I tuoi dischi preferiti dei Mad Puppet?
Ogni disco ha il suo pezzo che mi piace, anche se il genere oggi ci sta e non ci sta. Masque del 1982, il primo lavoro e il più prog, dopo il 1991 che ha segnato la svolta in senso più pop con Not Only Mad, c’è il concept dedicato a King Laurin del 1994 che forse è quello che resiste di più allo scorrere del tempo. Se Cube del 2000 era più poprock, dopo vent’anni siamo ritornati alle origini. Alla nostra età possiamo farlo e non c’importa del giudizio della gente. A dire il vero da quando c’è Spotify, il mercato del disco langue ma anche i giovani ci sentono.
Una produzione di qualità eccellente, fatta in casa, disponibile solo in vinile e a tiratura limitata a 300 copie: come presenterete il nuovo album?

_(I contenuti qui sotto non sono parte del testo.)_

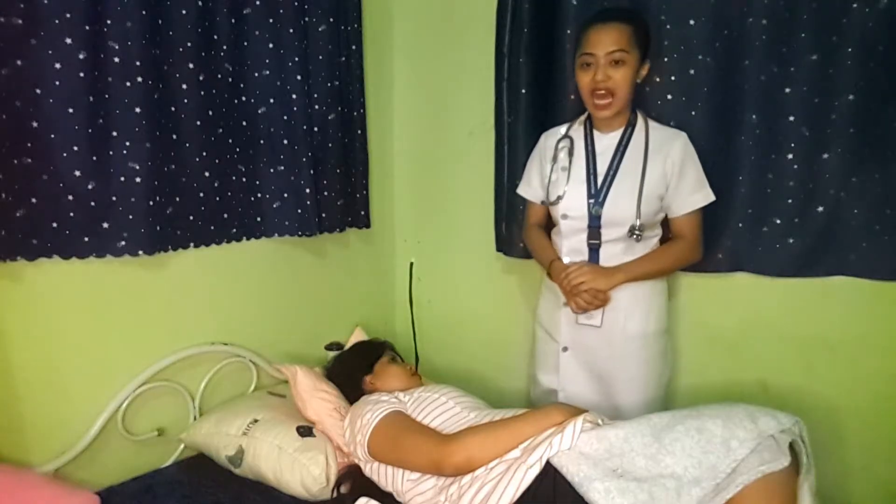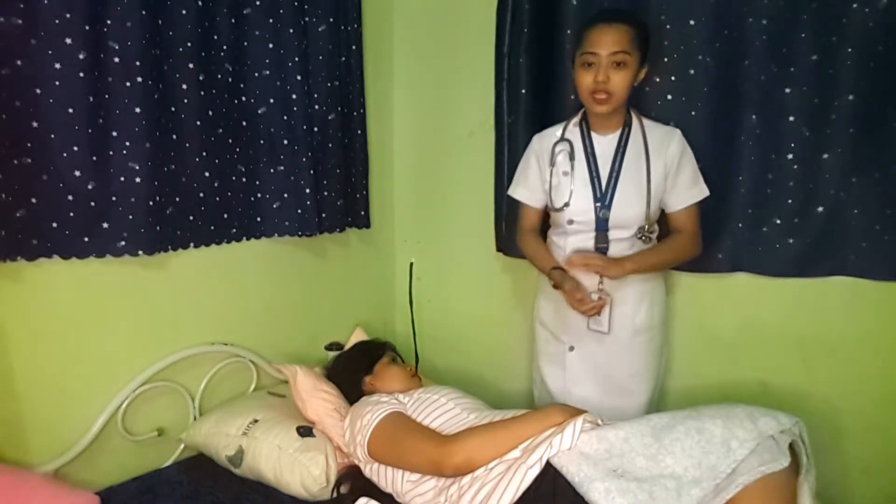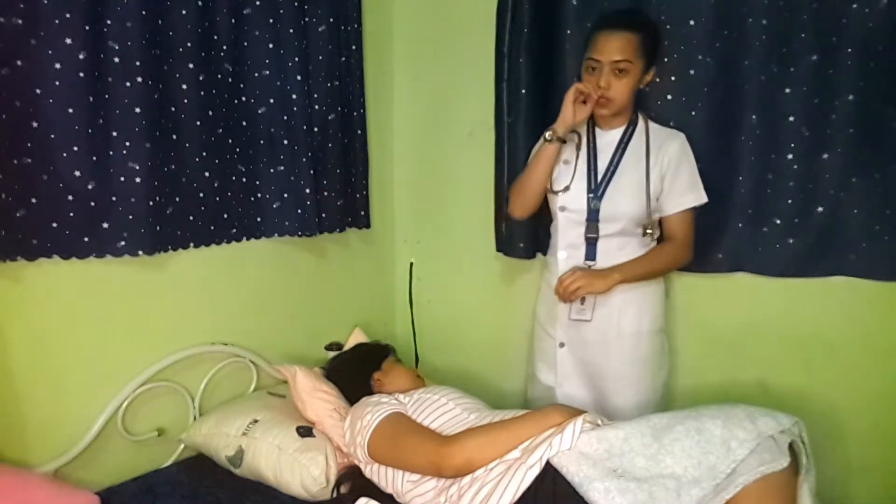Good day, I am Rizekiel Madison-Cantilio, and for today I'm going to perform the fundal height measurement, Leopold's maneuver, and auscultating fetal heart rate. Prior to doing all of the procedures, we need first to identify and explain the plan and procedure to the client.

Volevamo lanciarlo allo Steinegg Live ma poi Arno ha detto di non uscire e non volevamo dare un brutto segnale alla gente, dunque abbiamo rinunciato. Manfred Schweigkofler è rientrato proprio per questa produzione e anche nel tour di presentazione ci sarà, affiancato anche dall’altro cantante che si unisce a noi dal vivo quando Fred non può, Michael Gadner. Il disco è inciso da noi, mio figlio Fabian che suona la chitarra negli Shanty Powa (sono loro, i fiati che si sentono nel brano finale Tomorrow, ndr) ci ha fatto l’editing, un nostro fan Jürgen Winkler ha curato il master del vinile che, comunque, include anche il link per il download dei brani.
[Daniele Barina]
Manfred Schweigkofler: “Abbiamo tutti voglia di cultura dal vivo”
Grandi produzioni teatrali come direttore del VBB o di Bolzano Danza, regista di opere liriche, fondatore di teatri e collettivi teatrali, cantante dei Mad Puppet e tanto altro: in una parola Manfred Schweigkofler. A lui chiediamo come vede la cultura nel post Covid e, perdurando il male, se esiste una nuova forma di rappresentazione che consenta agli artisti di lavorare.
“Abbiamo tutti una gran voglia di cultura dal vivo, live performing art, e questi lockdown lo stanno dimostrando. Dopo i primi simpatici tentativi in rete adesso abbiamo tutti, noi e il pubblico, voglia di esperienze dal vivo. Perché ci fanno vivi. Il resto è conserva, untrue. L’arte vive dell’incontro diretto artista-spettatori, hanno bisogno l’uno dell’altro. Pertanto anche le forme che stanno nascendo per la rete, e ci sono anche cose interessanti, non sono altro che un piano B tutto sommato insoddisfacente. Forse dobbiamo spostarci fuori dai teatri, dalle sale di concerto, ma penso che tra poco - con il vaccino - si avrà una soluzione accettabile”.